Ao deixar a Câmara, Ronaldo Cunha Lima perde o foro especial e, com isso, processo volta à 1ª instância

Na carta lida em plenário, tucano diz que abre mão do foro privilegiado para ser julgado pelo povo, "como um igual que sempre fui"

FÁBIO ZANINI
DA SUCURSAL DE BRASÍLIA

Em uma manobra para escapar de um julgamento no Supremo Tribunal Federal pelo atentado a tiros contra um adversário, o tucano Ronaldo Cunha Lima (PB) renunciou ontem a seu mandato na Câmara.
O julgamento estava marcado para a semana que vem, e o efeito imediato da renúncia foi fazer o processo recomeçar na Justiça paraibana, uma vez que Cunha Lima perdeu o foro privilegiado que tinha em razão do cargo. Agora, não há prazo para encerramento do caso.
A manobra levou a críticas e pedidos de modificação da legislação sobre o foro privilegiado. "O gesto mostra que o foro privilegiado é uma excrescência", disse Arnaldo Madeira (PSDB-SP). O presidente do Conselho de Ética da Câmara, Ricardo Izar (PTB-SP), afirmou que é preciso mudar a lei. "Passou um pouco dos limites. Não dá para esta Casa ficar tendo uma mancha por dia."
Em 1993, Cunha Lima, então governador da Paraíba, atirou em Tarcísio Burity, ex-governador, em um restaurante de João Pessoa.
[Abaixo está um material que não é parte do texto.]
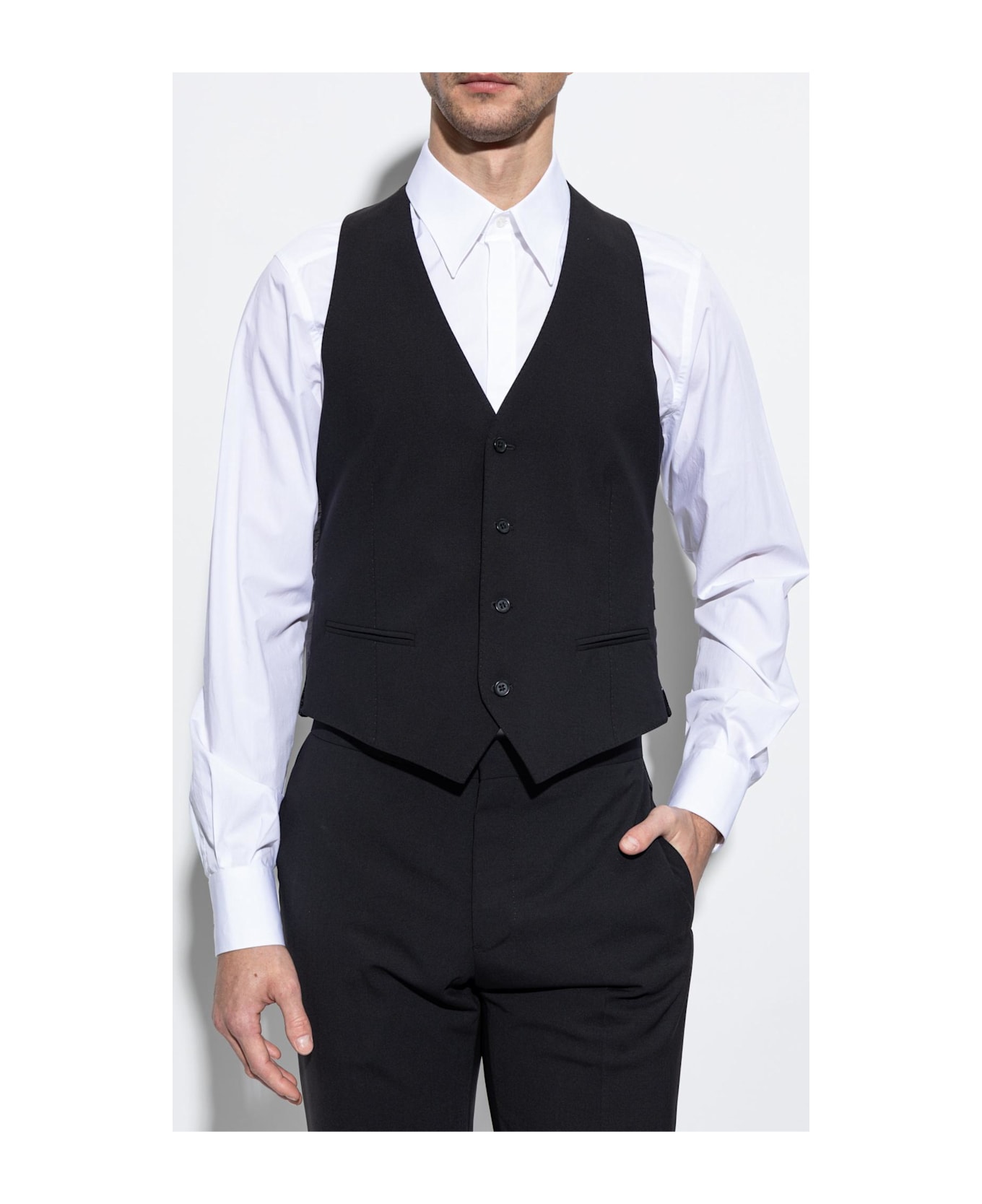Emporio Armani Wool Vest - Black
Burity sobreviveu ao atentado e teria perdoado Cunha Lima antes de morrer, em 2003, segundo o tucano.
O agora ex-deputado não foi entregar pessoalmente a carta de renúncia, protocolada às 13h06 na secretaria da Mesa por um advogado e pelo deputado Rômulo Gouveia (PSDB-PB), seu aliado. Às 14h02 ela foi lida pelo 1º vice-presidente da Casa, Nárcio Rodrigues (PSDB-MG), consumando a renúncia.
Na carta de dois parágrafos, Cunha Lima, cujo filho Cássio é o atual governador paraibano, diz que renuncia "a fim de possibilitar que esse povo me julgue, sem prerrogativa de foro como um igual que sempre fui". Em seguida, pede que o gesto seja comunicado à presidente do STF, Ellen Gracie.
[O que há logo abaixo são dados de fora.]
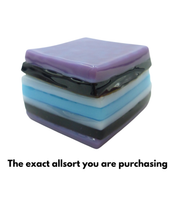 Glass liquorice allsort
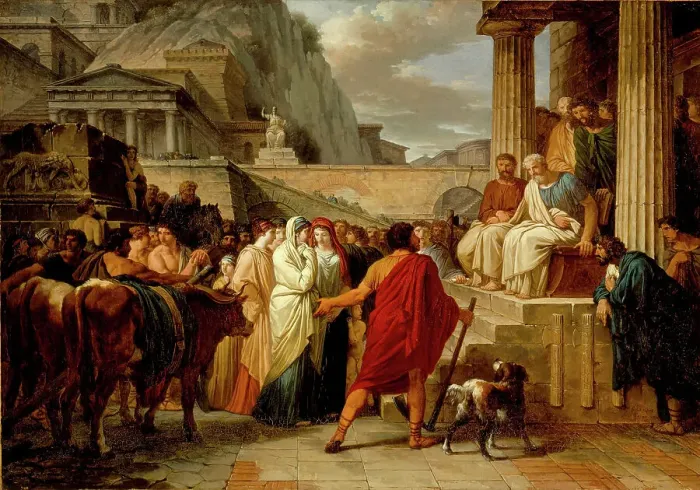 Framed Print : Caius Furius Cressinus Accused of Sorcery, 1792. Creator: Jean-Pierre Saint-Ours Framed Print : Caius Furius Cressinus Accused of Sorcery, 1792. Creator: Jean-Pierre Saint-Ours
O plenário estava praticamente vazio. Nárcio, após ler o documento, elogiou o colega. "Registramos a confiança de que a decisão tomada protegerá sua grande biografia de serviços prestados ao Parlamento, ao Brasil e à Paraíba."
Cunha Lima isolou-se ontem na casa que tem em Brasília, segundo sua assessoria, e não atendeu à Folha. Procurado, seu advogado, José Gerardo Grossi, não telefonou de volta.
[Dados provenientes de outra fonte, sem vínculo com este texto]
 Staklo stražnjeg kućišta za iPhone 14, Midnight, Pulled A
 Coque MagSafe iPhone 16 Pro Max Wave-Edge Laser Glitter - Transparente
Duas horas após a renúncia, o líder do PSDB na Câmara, Antônio Carlos Pannunzio (SP), leu uma outra carta, de duas páginas, em que Cunha Lima justifica seu ato dizendo que quer ser julgado por um tribunal do júri, na Paraíba.
"Quero, com esse gesto extremo, despir-me de quaisquer prerrogativas para assumir, apenas como cidadão, episódios particularmente dolorosos de um passado já remoto no tempo, mas ainda muito presente em minha vida e minha consciência, por seus desdobramentos de sofrimento e de dor", diz o ex-deputado. "Por esses gestos já me penitenciei junto aos que fiz sofrer."
A transferência do caso para a primeira instância traz outro bônus. Ele poderá recorrer de eventual condenação, enquanto no STF a decisão seria final.
Cunha Lima, 71, que teve um AVC (acidente vascular cerebral) há oito anos e usa uma cadeira de rodas, teria comunicado apenas ontem pela manhã a aliados a decisão. "Fui surpreendido. O fato é que ele desde aquele episódio tem a posição de que quer ser julgado pelo povo paraibano, e não pelo Supremo", disse Gouveia. A intenção, segundo o aliado, não foi ganhar tempo. "É o oposto. Ele quer se livrar disso. Ronaldo é um humanista, uma pessoa fantástica, que vem sofrendo com esse episódio há muitos anos", afirmou.